Osserva la sindacalista USB: “Non vorremmo che la scelta di non recedere dal contratto di servizio da parte di Roma Capitale fosse dettata dalla volontà di rientrare del debito derivante dal contenzioso che Roma Tpl Scarl ha vinto nei confronti di Atac, stimato attorno ai 118 milioni di euro, e che Roma Capitale applichi al Consorzio delle penalità solo per ridurre di molto i crediti maturati con il contratto di servizio”.
“Se queste fossero realmente le intenzioni – sottolinea Bravi – è evidente che il Consorzio non avrà vita lunga e di conseguenza anche i lavoratori. Doppia beffa, quindi, per chi fino ad oggi ha garantito il servizio all’utenza, senza neppure lo stipendio e con il rischio sempre più imminente di ritrovarsi per strada senza un lavoro”.
“Dopo aver assistito per l’ennesima volta ad un lungo braccio di ferro, dove Roma Tpl Scarl e Roma Capitale hanno difeso in prima istanza i propri interessi economici, noncuranti degli effetti devastanti sugli oltre 1.900 lavoratori e le loro famiglie, l’USB ha deciso di abbandonare il tavolo.

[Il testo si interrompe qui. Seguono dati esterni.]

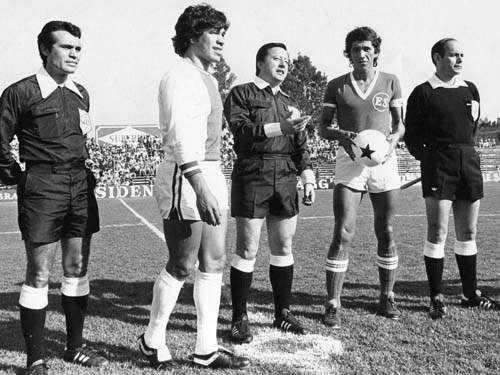 UniformesSelec1's tweet photo. 18 Diciembre 1979.
Estadio Municipal, Texcoco, México.
México 1 - 1 EL Salvador.

¡¡Por fin una foto de este partido!!

¿Reconocen a los capitanes? https://t.co/dpDO2TfeZV
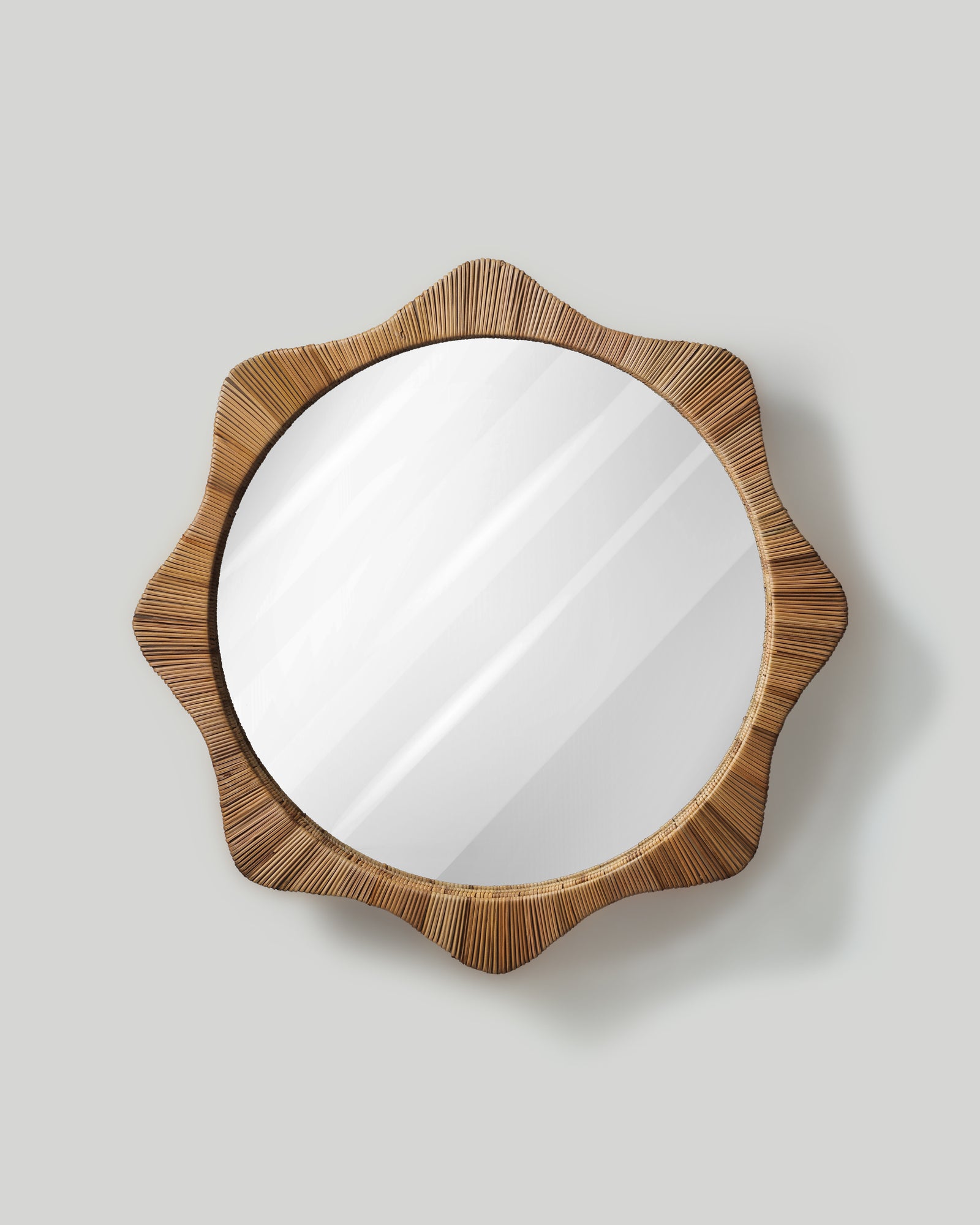 Star-point Pencil Reed Round Mirror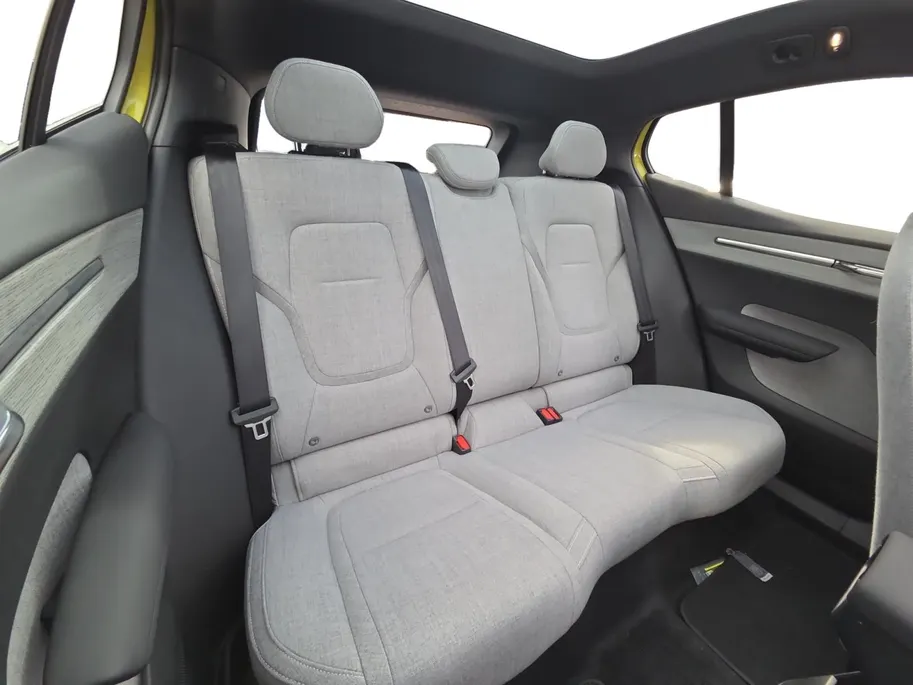 Volvo EX30 Single Motor Extended Range Ultra 69 kWh | Zeer compleet | Panoramadak | Harman Kardon Audio | 360 graden camera | Stoel & stuurverwarming | Bovag garantie | NAP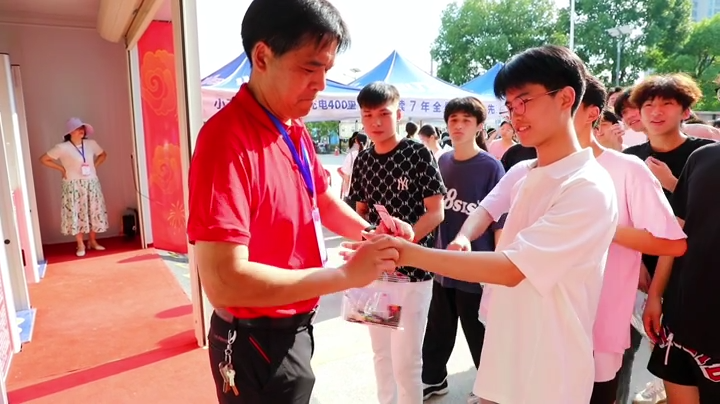 高考首日直击｜送考老师为考生戴上“金榜题名”手环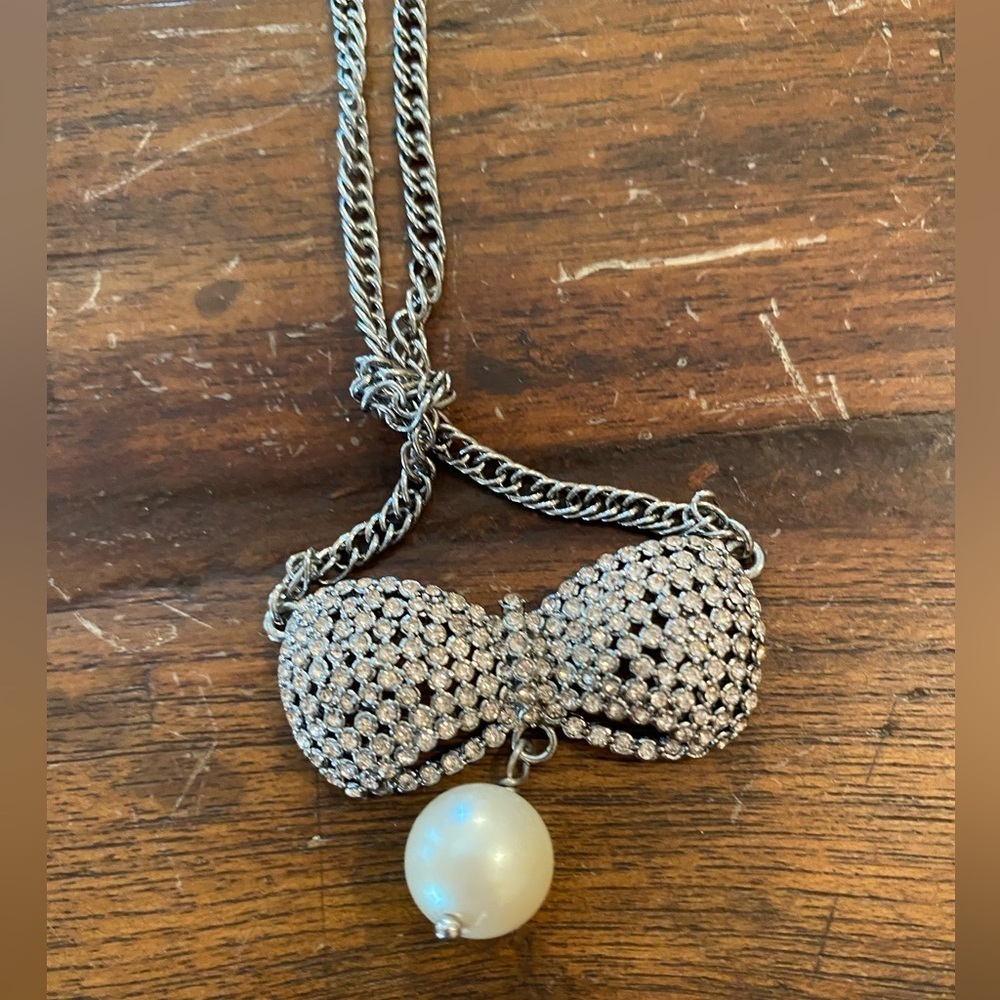 🆕 NWT ANN TAYLOR Rhinestone Bow & Faux Pearl Pendant Necklace Silver Tone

È gravissimo che le istituzioni, consapevoli di essere di fronte ad una violazione di un diritto costituzionale, di un disagio sociale e di ordine pubblico, nonché di reiterate violazioni contrattuali, abbiano fatto prevalere gli interessi economici, calpestando senza alcun ritegno la dignità dei lavoratori e degli utenti che pagano per un servizio che non c’è”, conclude Bravi.